Touch sensory pathway for the face?
The pathway conveys touch information from the face. The pathway consists of—> sensory input which travels from the face via CN V, with the cell bodies located in the semilunar ganglion (Gasserian ganglion), then the afferent fibers enter the pons where they synapses with the main sensory nucleus of the trigeminal nerve. From there the neurons decussate and join the medial leminiscus which carries the fibers up to the thalamus, specifically the ventral posterior medial nucleus. From there it it relayed to the somatosensory cortex.
If lesion occurs at level of the nucleus—> loss of ipsilateral touch sensation of the ipsilateral face. If lesion occurs after the crossing (i.e. in the midbrain)—> loss of contralateral touch in the hemiface.
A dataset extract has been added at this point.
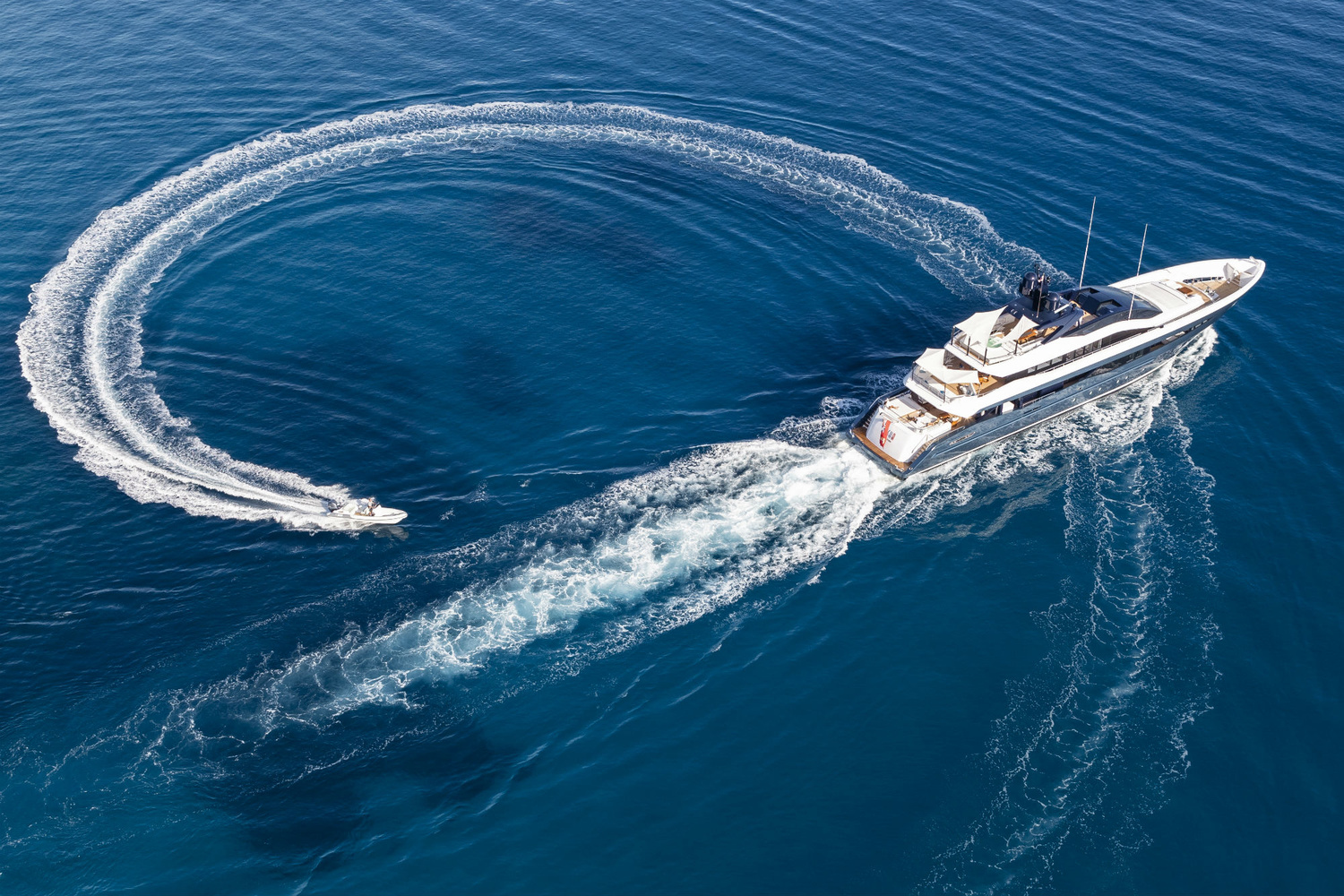 Heesen Irisha — яхта для кинестетиков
What is the corneal reflex pathway? Clinical relevance?
It is a protective reflex where touching the cornea of the eye triggers a blink response in both eyes. This reflex involves the trigeminal nerve as the afferent nerve and the facial nerve as the efferent nerve.
Pathway—>
Afferent pathway : the cornea sends sensory information through the ophthalmic branch of the trigeminal nerve, the signal travels to the main sensory nucleus and the spinal trigeminal nucleus in the pons.
Efferent pathway : the signal from the trigeminal nucleus is relaye to the facial nerve nuclei in the pons. Then they send motor signal via CN VII to the orbicularis oculi muscles, causing both eyes to blink.
Lesion in R main trigeminal nucleus :
- Touch right eye—> no eye movement bc loss of afferent ipsilateral.
- Touch left eye—> both eyes blink because left afferent and left efferent are not damaged.
Lesion in R facial nerve :
- Touch right eye—> only left closes, as right efferent is damaged.
- Touch left eye—> only left closes, same as before.
Pathway of pain and temperature sensation in the face?
Pain and temperature receptors (1st order neuron), afferent fibers then enter the pons and descend through the descending trigeminal tract to synapse the spinal nucleus in the medulla(2nd order neuron). After synapsing they decussate and ascend along the spinothalamic tract. They finally end up in the ventral posterior medial nucleus of the thalamus.